▶ What is being asked: Copy out the data below. Keep every word as it is.
○ ○ ○ ○ ○
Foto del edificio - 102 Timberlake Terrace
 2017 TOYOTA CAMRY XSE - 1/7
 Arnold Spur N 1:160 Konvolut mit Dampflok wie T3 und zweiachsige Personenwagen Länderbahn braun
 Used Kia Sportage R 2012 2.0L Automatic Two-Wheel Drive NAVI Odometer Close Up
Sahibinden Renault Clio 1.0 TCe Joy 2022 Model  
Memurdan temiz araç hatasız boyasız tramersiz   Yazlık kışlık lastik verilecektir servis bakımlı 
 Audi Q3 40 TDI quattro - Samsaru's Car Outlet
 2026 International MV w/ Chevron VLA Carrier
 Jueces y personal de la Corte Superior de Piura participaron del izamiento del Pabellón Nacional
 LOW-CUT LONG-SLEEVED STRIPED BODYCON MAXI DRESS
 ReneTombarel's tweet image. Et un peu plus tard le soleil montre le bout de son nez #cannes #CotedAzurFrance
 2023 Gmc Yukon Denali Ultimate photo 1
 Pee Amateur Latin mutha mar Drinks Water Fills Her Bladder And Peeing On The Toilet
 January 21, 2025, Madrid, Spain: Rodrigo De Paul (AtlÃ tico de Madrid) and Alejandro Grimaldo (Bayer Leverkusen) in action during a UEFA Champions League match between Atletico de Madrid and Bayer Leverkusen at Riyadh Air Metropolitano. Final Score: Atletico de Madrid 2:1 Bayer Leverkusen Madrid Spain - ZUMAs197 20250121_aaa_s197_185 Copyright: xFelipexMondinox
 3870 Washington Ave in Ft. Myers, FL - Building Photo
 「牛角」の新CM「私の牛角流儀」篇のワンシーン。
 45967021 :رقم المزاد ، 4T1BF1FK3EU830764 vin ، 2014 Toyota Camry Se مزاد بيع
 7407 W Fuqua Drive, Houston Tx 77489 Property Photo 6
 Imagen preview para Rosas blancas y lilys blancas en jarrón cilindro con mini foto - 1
○ ○ ○ ○ ○
▶ Result:
Foto del edificio - 102 Timberlake Terrace
 2017 TOYOTA CAMRY XSE - 1/7
 Arnold Spur N 1:160 Konvolut mit Dampflok wie T3 und zweiachsige Personenwagen Länderbahn braun
 Used Kia Sportage R 2012 2.0L Automatic Two-Wheel Drive NAVI Odometer Close Up
Sahibinden Renault Clio 1.0 TCe Joy 2022 Model  
Memurdan temiz araç hatasız boyasız tramersiz   Yazlık kışlık lastik verilecektir servis bakımlı 
 Audi Q3 40 TDI quattro - Samsaru's Car Outlet
 2026 International MV w/ Chevron VLA Carrier
 Jueces y personal de la Corte Superior de Piura participaron del izamiento del Pabellón Nacional
 LOW-CUT LONG-SLEEVED STRIPED BODYCON MAXI DRESS
 ReneTombarel's tweet image. Et un peu plus tard le soleil montre le bout de son nez #cannes #CotedAzurFrance
 2023 Gmc Yukon Denali Ultimate photo 1
 Pee Amateur Latin mutha mar Drinks Water Fills Her Bladder And Peeing On The Toilet
 January 21, 2025, Madrid, Spain: Rodrigo De Paul (AtlÃ tico de Madrid) and Alejandro Grimaldo (Bayer Leverkusen) in action during a UEFA Champions League match between Atletico de Madrid and Bayer Leverkusen at Riyadh Air Metropolitano. Final Score: Atletico de Madrid 2:1 Bayer Leverkusen Madrid Spain - ZUMAs197 20250121_aaa_s197_185 Copyright: xFelipexMondinox
 3870 Washington Ave in Ft. Myers, FL - Building Photo
 「牛角」の新CM「私の牛角流儀」篇のワンシーン。
 45967021 :رقم المزاد ، 4T1BF1FK3EU830764 vin ، 2014 Toyota Camry Se مزاد بيع
 7407 W Fuqua Drive, Houston Tx 77489 Property Photo 6
 Imagen preview para Rosas blancas y lilys blancas en jarrón cilindro con mini foto - 1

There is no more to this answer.